Her most prominent role as a singing-star was the historical Mirza Ghalib where Suraiya not only enacted the part of the the Urdu poet Ghalib’s beloved but also got the privilege of singing some of the finest poetry by Ghalib.
The 1950s also saw Suraiya participate in filmdom’s first glamorous romance. Her fondness for the debonair Dev Anand was said to have its roots in his resemblance to the Hollywood Gregory Peck whom Suraiya had met and taken quite shine to. The Indian Gregory Peck, Dev Anand is rumoured to have become enormously fond of Suraiya. The two did several films together, like Jeet and Afsar. Legend has it that Suraiya was forced to fling a ring given to her by Dev Anand into the sea at the say-so of her disciplinarian grandmother.
In the same year as Afsar Suraiya also did the mammoth musical romance Dastaan where she was paired with Raj Kapoor and sang all her songs herself.
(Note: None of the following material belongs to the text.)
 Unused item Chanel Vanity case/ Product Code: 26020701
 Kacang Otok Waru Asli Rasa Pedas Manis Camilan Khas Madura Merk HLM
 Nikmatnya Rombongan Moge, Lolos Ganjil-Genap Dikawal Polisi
Her last film as an actress was the pseudo-historical Rustam Sohrab in 1963 where she co-starred with the mighty Prithviraj Kapoor, father of Raj Kapoor who played her lead in Dastaan.
Life had come a full circle for the actress. Like Vyjanthimala, Suraiya cut loose from celluloid at her prime instead of hovering at the fringes to play supporting roles. She made rare public appearances right until her death, her face immaculately made up with a mask-like imperviousness. Unattached and reclusive Suraiya was the eternal bachelor girl. No one was good enough to marry her.
Though she shunned the limelight Suraiya remained the consummate star to the end. As an actress she didn’t achieve the acme of stardom. But her songs like Tere naino ne chori kiya and Tu mera chand will continue to reverberate across the universe.